Idlewild is a tiny, artsy Quaker high school in lower Manhattan. Students call their teachers by their first names, there are no grades or awards, and every day begins with 20 minutes of contemplative silence. It is during one of those moments of worship that two airplanes hit the World Trade Center.
For two Idlewild outcasts, 9/11 serves as the first day of an intense, 18-month friendship. Fay is a prickly, aloof rich kid who is obsessed with gay men; Nell is a shy, sensitive scholarship student who is obsessed with Fay. The two of them bond fiercely over being the only two openly queer kids at Idlewild.
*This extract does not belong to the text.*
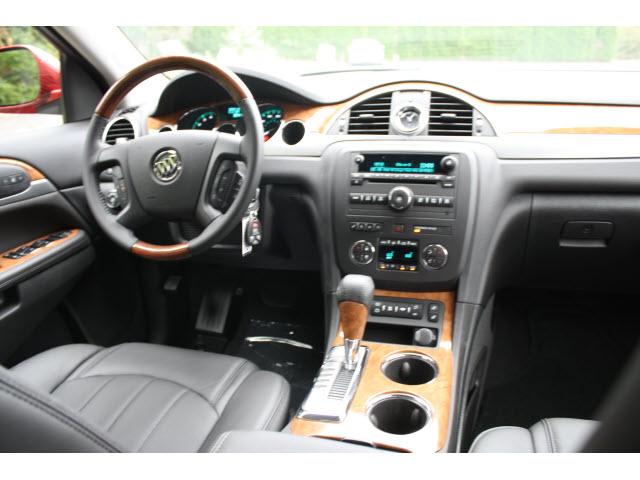 Buick Enclave 2012 photo 5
But, as they rehearse for the school’s production of Othello, they notice two sexually ambiguous boys, Theo and Christopher, who are potential candidates for their exclusive Invert Society (née Gay-Straight Alliance). The pairs become mirrors of one another’s desires, anxieties, and loneliness. Their devotion to one another becomes an obsession, driving them to do things that they’ll regret for the rest of their lives.
Looking back on these events as adults, Fay and Nell, who haven’t spoken to each other in fifteen years, are haunted by shame over their Idlewild days. From alternating perspectives, they wonder if they could have done anything to save their friendship, or if it was meant to remain an artifact that couldn’t have existed outside of Idlewild’s walls.
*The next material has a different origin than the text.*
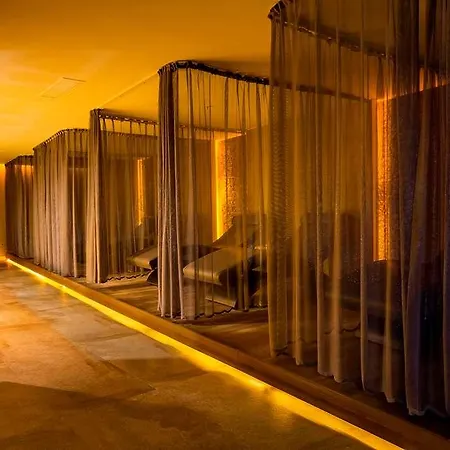 Park By Radisson Kavacik ホテル イスタンブール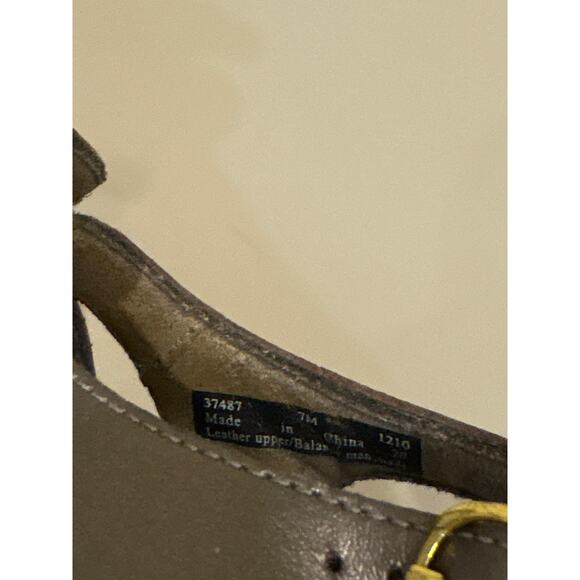 Clarks Bendables Women’s Size 7M Brown Leather Wedge Sandals Buckle Strap - Picture 7 of 7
James Frankie Thomas holds an MFA in fiction from the Iowa Writers’ Workshop. Their fiction has been published in the Paris Review online, Vol. 1 Brooklyn, and The Toast, among other publications. One of these essays is included in the anthology We Are the Baby-Sitters Club, and another was adapted into a PBS NewsHour segment.

HOW TO CARE FOR A HUMAN GIRL de Ashley Wurzbacher

From “a writer at the top of her game” (The New York Times) comes a bighearted and sharply funny debut novel about two estranged sisters and the crossroads they face after becoming unexpectedly pregnant at the same time.
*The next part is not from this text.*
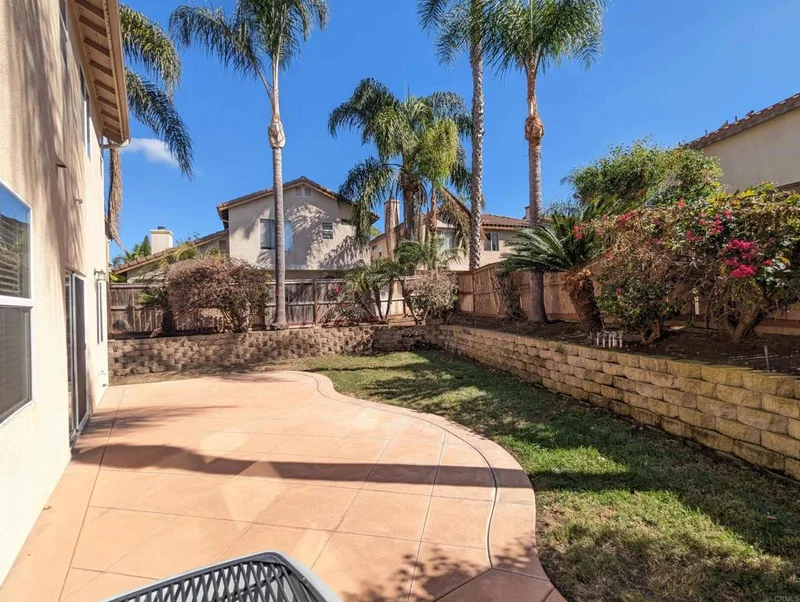 4737 Lagunita Way photo 2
HOW TO CARE FOR A HUMAN GIRL
by Ashley Wurzbacher
Atria, August 2023
(via Frances Goldin Literary Agency)

Two years after the death of their mother, Jada and Maddy Battle both face unplanned pregnancies. Jada, a thirty-one-year-old psychology PhD student living in Pittsburgh, quietly obtains an abortion without telling her husband, but the secret causes turmoil in her already shaky marriage. Back home in rural Pennsylvania, nineteen-year-old Maddy, who spends her time caring for birds at a wildlife rehabilitation center, is paid off by the man who got her pregnant to get an abortion. But an unsettling visit to a crisis pregnancy center adds to her doubts about whether to go through with it.
Although Maddy still hasn’t forgiven Jada for a terrible betrayal, she goes to her for support, only to discover the cracks in the façade of her sister’s seemingly perfect life. As their past resentments boil over, the sisters must navigate the consequences of their choices and determine how best to care for themselves and each other.
With luminous prose and laser-sharp psychological insight, HOW TO CARE FOR A HUMAN GIRL is a compassionate and unforgettable examination of the complexities of choice, the special intimacy of sisterhood, and the bizarre ways our heated political moment manifests in daily life.

Ashley Wurzbacher is the author of the story collection Happy Like This, which won the 2019 Iowa Short Fiction Award and was named a National Book Foundation “5 Under 35” honoree and a NYT Editors’ Choice. Born and raised in Western Pennsylvania, she currently lives in Birmingham, Alabama and teaches at the University of Montevallo.